Provided entries:
= Beginning of Section =
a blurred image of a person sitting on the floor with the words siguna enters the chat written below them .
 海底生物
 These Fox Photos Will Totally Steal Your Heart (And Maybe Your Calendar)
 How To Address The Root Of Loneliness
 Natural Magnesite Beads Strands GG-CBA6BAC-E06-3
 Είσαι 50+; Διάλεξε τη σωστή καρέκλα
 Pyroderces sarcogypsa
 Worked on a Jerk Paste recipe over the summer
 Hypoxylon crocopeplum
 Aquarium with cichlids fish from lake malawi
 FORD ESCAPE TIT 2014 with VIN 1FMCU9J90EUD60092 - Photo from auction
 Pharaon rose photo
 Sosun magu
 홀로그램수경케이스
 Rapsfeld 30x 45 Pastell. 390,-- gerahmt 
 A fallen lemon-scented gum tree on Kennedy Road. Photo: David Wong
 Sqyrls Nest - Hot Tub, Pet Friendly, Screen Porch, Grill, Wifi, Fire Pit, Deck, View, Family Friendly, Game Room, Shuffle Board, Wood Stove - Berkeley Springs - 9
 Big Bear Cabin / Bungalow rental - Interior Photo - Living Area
= End of Section =
Aim of the exercise: This exercise requires that all of the entries be repeated exactly.

Response box:
a blurred image of a person sitting on the floor with the words siguna enters the chat written below them .
 海底生物
 These Fox Photos Will Totally Steal Your Heart (And Maybe Your Calendar)
 How To Address The Root Of Loneliness
 Natural Magnesite Beads Strands GG-CBA6BAC-E06-3
 Είσαι 50+; Διάλεξε τη σωστή καρέκλα
 Pyroderces sarcogypsa
 Worked on a Jerk Paste recipe over the summer
 Hypoxylon crocopeplum
 Aquarium with cichlids fish from lake malawi
 FORD ESCAPE TIT 2014 with VIN 1FMCU9J90EUD60092 - Photo from auction
 Pharaon rose photo
 Sosun magu
 홀로그램수경케이스
 Rapsfeld 30x 45 Pastell. 390,-- gerahmt 
 A fallen lemon-scented gum tree on Kennedy Road. Photo: David Wong
 Sqyrls Nest - Hot Tub, Pet Friendly, Screen Porch, Grill, Wifi, Fire Pit, Deck, View, Family Friendly, Game Room, Shuffle Board, Wood Stove - Berkeley Springs - 9
 Big Bear Cabin / Bungalow rental - Interior Photo - Living Area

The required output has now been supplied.